Line by line, restate the listing below without any change.

● ● ● ●

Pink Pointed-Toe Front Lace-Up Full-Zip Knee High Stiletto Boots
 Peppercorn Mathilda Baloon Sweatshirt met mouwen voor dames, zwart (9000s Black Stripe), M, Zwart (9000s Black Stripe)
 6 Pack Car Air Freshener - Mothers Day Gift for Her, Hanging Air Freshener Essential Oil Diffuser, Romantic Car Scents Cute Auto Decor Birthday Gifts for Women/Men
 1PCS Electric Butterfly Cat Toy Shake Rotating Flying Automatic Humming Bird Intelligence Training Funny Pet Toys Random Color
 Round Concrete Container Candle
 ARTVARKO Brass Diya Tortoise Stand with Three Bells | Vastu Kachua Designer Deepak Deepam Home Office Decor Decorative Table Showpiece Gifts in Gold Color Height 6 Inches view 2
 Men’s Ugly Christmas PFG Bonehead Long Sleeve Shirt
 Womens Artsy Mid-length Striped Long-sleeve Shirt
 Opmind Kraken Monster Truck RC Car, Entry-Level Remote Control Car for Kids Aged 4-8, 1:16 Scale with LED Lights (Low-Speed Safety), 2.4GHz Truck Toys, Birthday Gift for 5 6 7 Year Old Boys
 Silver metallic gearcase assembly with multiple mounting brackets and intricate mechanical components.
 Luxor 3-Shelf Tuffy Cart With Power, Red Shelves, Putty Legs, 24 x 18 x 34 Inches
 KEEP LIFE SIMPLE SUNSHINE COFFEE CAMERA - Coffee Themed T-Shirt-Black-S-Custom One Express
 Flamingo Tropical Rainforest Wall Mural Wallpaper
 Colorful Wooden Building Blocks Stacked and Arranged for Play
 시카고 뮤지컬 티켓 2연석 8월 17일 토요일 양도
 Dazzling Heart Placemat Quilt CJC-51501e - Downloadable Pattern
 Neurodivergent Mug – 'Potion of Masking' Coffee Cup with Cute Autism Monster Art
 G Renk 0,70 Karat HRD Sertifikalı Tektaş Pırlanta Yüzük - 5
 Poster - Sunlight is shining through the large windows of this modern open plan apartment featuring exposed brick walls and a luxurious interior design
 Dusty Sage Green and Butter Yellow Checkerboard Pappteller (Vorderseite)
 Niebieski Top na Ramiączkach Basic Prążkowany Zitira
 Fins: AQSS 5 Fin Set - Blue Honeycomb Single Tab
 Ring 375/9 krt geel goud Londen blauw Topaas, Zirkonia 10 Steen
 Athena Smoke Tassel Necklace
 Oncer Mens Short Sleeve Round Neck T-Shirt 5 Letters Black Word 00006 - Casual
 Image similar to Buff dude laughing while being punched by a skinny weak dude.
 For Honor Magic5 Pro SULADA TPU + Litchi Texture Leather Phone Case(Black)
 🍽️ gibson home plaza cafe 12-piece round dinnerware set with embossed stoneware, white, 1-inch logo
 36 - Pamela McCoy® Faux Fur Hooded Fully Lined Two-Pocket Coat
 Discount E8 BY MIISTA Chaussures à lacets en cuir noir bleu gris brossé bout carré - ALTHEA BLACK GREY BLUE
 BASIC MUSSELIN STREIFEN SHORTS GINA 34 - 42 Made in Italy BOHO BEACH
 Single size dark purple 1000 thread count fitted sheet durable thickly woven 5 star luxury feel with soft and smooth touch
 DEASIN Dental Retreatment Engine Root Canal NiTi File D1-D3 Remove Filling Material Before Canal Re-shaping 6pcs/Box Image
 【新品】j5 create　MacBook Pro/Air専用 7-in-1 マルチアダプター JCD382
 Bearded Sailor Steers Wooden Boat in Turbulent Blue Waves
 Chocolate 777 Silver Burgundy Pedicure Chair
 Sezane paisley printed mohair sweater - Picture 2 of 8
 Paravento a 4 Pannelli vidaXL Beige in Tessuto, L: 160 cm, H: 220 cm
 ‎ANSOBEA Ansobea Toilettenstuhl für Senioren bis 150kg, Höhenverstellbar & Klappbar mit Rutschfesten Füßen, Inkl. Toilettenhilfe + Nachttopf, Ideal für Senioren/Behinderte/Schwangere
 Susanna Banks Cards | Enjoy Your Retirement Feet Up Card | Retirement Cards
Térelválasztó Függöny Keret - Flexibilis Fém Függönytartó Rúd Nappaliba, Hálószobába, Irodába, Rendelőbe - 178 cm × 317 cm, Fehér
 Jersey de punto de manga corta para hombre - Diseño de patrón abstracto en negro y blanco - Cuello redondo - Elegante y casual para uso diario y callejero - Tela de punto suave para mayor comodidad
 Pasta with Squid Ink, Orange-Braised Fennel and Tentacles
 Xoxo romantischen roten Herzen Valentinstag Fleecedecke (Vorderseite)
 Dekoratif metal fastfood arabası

● ● ● ●

• **Output of the task**:
Pink Pointed-Toe Front Lace-Up Full-Zip Knee High Stiletto Boots
 Peppercorn Mathilda Baloon Sweatshirt met mouwen voor dames, zwart (9000s Black Stripe), M, Zwart (9000s Black Stripe)
 6 Pack Car Air Freshener - Mothers Day Gift for Her, Hanging Air Freshener Essential Oil Diffuser, Romantic Car Scents Cute Auto Decor Birthday Gifts for Women/Men
 1PCS Electric Butterfly Cat Toy Shake Rotating Flying Automatic Humming Bird Intelligence Training Funny Pet Toys Random Color
 Round Concrete Container Candle
 ARTVARKO Brass Diya Tortoise Stand with Three Bells | Vastu Kachua Designer Deepak Deepam Home Office Decor Decorative Table Showpiece Gifts in Gold Color Height 6 Inches view 2
 Men’s Ugly Christmas PFG Bonehead Long Sleeve Shirt
 Womens Artsy Mid-length Striped Long-sleeve Shirt
 Opmind Kraken Monster Truck RC Car, Entry-Level Remote Control Car for Kids Aged 4-8, 1:16 Scale with LED Lights (Low-Speed Safety), 2.4GHz Truck Toys, Birthday Gift for 5 6 7 Year Old Boys
 Silver metallic gearcase assembly with multiple mounting brackets and intricate mechanical components.
 Luxor 3-Shelf Tuffy Cart With Power, Red Shelves, Putty Legs, 24 x 18 x 34 Inches
 KEEP LIFE SIMPLE SUNSHINE COFFEE CAMERA - Coffee Themed T-Shirt-Black-S-Custom One Express
 Flamingo Tropical Rainforest Wall Mural Wallpaper
 Colorful Wooden Building Blocks Stacked and Arranged for Play
 시카고 뮤지컬 티켓 2연석 8월 17일 토요일 양도
 Dazzling Heart Placemat Quilt CJC-51501e - Downloadable Pattern
 Neurodivergent Mug – 'Potion of Masking' Coffee Cup with Cute Autism Monster Art
 G Renk 0,70 Karat HRD Sertifikalı Tektaş Pırlanta Yüzük - 5
 Poster - Sunlight is shining through the large windows of this modern open plan apartment featuring exposed brick walls and a luxurious interior design
 Dusty Sage Green and Butter Yellow Checkerboard Pappteller (Vorderseite)
 Niebieski Top na Ramiączkach Basic Prążkowany Zitira
 Fins: AQSS 5 Fin Set - Blue Honeycomb Single Tab
 Ring 375/9 krt geel goud Londen blauw Topaas, Zirkonia 10 Steen
 Athena Smoke Tassel Necklace
 Oncer Mens Short Sleeve Round Neck T-Shirt 5 Letters Black Word 00006 - Casual
 Image similar to Buff dude laughing while being punched by a skinny weak dude.
 For Honor Magic5 Pro SULADA TPU + Litchi Texture Leather Phone Case(Black)
 🍽️ gibson home plaza cafe 12-piece round dinnerware set with embossed stoneware, white, 1-inch logo
 36 - Pamela McCoy® Faux Fur Hooded Fully Lined Two-Pocket Coat
 Discount E8 BY MIISTA Chaussures à lacets en cuir noir bleu gris brossé bout carré - ALTHEA BLACK GREY BLUE
 BASIC MUSSELIN STREIFEN SHORTS GINA 34 - 42 Made in Italy BOHO BEACH
 Single size dark purple 1000 thread count fitted sheet durable thickly woven 5 star luxury feel with soft and smooth touch
 DEASIN Dental Retreatment Engine Root Canal NiTi File D1-D3 Remove Filling Material Before Canal Re-shaping 6pcs/Box Image
 【新品】j5 create　MacBook Pro/Air専用 7-in-1 マルチアダプター JCD382
 Bearded Sailor Steers Wooden Boat in Turbulent Blue Waves
 Chocolate 777 Silver Burgundy Pedicure Chair
 Sezane paisley printed mohair sweater - Picture 2 of 8
 Paravento a 4 Pannelli vidaXL Beige in Tessuto, L: 160 cm, H: 220 cm
 ‎ANSOBEA Ansobea Toilettenstuhl für Senioren bis 150kg, Höhenverstellbar & Klappbar mit Rutschfesten Füßen, Inkl. Toilettenhilfe + Nachttopf, Ideal für Senioren/Behinderte/Schwangere
 Susanna Banks Cards | Enjoy Your Retirement Feet Up Card | Retirement Cards
Térelválasztó Függöny Keret - Flexibilis Fém Függönytartó Rúd Nappaliba, Hálószobába, Irodába, Rendelőbe - 178 cm × 317 cm, Fehér
 Jersey de punto de manga corta para hombre - Diseño de patrón abstracto en negro y blanco - Cuello redondo - Elegante y casual para uso diario y callejero - Tela de punto suave para mayor comodidad
 Pasta with Squid Ink, Orange-Braised Fennel and Tentacles
 Xoxo romantischen roten Herzen Valentinstag Fleecedecke (Vorderseite)
 Dekoratif metal fastfood arabası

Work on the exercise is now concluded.